Development, Implementation, and Testing of Algorithms

The core development work for this project can be divided into three general categories: re-implementation of the knowledge graph data structure, development and implementation of algorithms, and testing.

Knowledge Graph Data Structure

SemNet version 1 used Neo4j to store the knowledge graph. After preliminary testing showed that Neo4j was likely a significant bottleneck, the knowledge graph data structure was re-implemented using nested Python dictionaries. Because these dictionaries use hashing for lookup, they have average lookup time O(1) (see, e.g., [37]).
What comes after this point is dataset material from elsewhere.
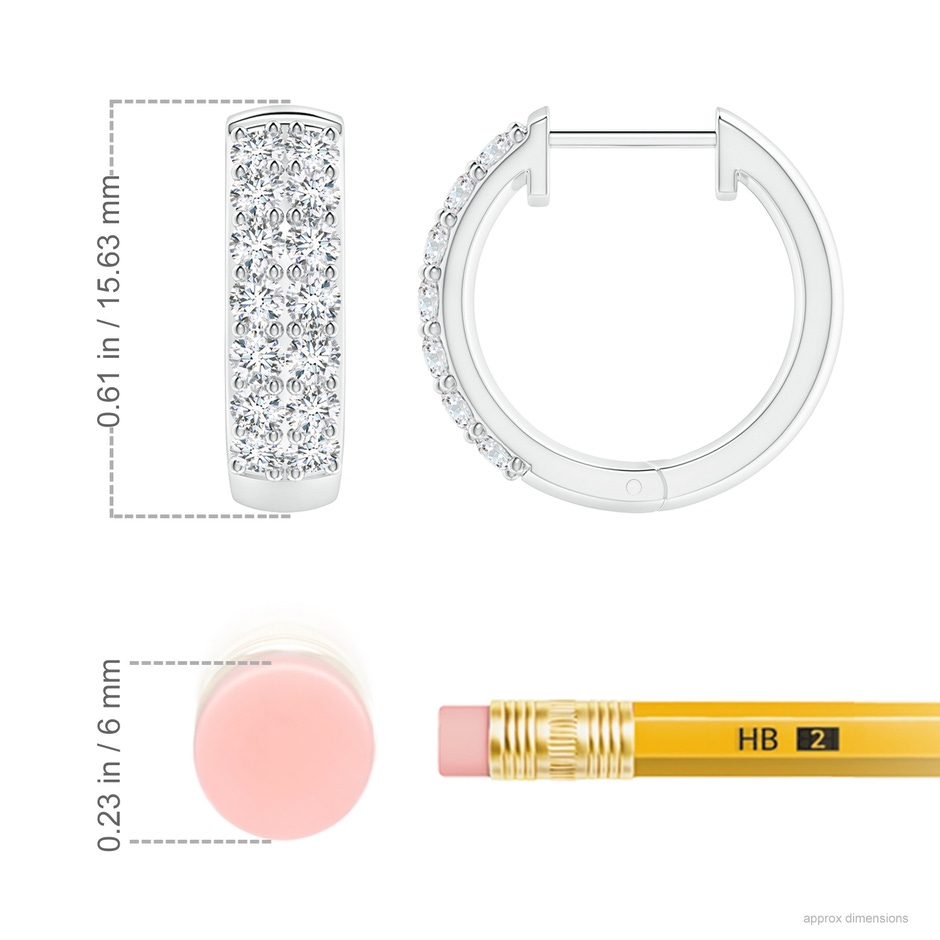 2mm GVS2 Twin-Row Diamond Hoop Earrings in P950 Platinum ruler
As a result, dictionaries allow for quickly examining the neighborhood of a node in the knowledge graph, restricted to edge and node types of interest. Consequently, it is also efficient to traverse paths within the graph. After testing on artificial examples, a knowledge graph object was built using an edge set derived from SemMedDB. This is an updated version of the edge set, and is not identical to the edge set from SemNet version 1.

Development of Approximation Algorithms

In addition to the data structure improvements, approximation algorithms based on randomization were explored as a way of further increasing performance. In particular, approximation algorithms were investigated as possible replacements for the computation of HeteSim on a single metapath (step 2 in Figure 2) and aggregation of rankings (step 3 in Figure 2).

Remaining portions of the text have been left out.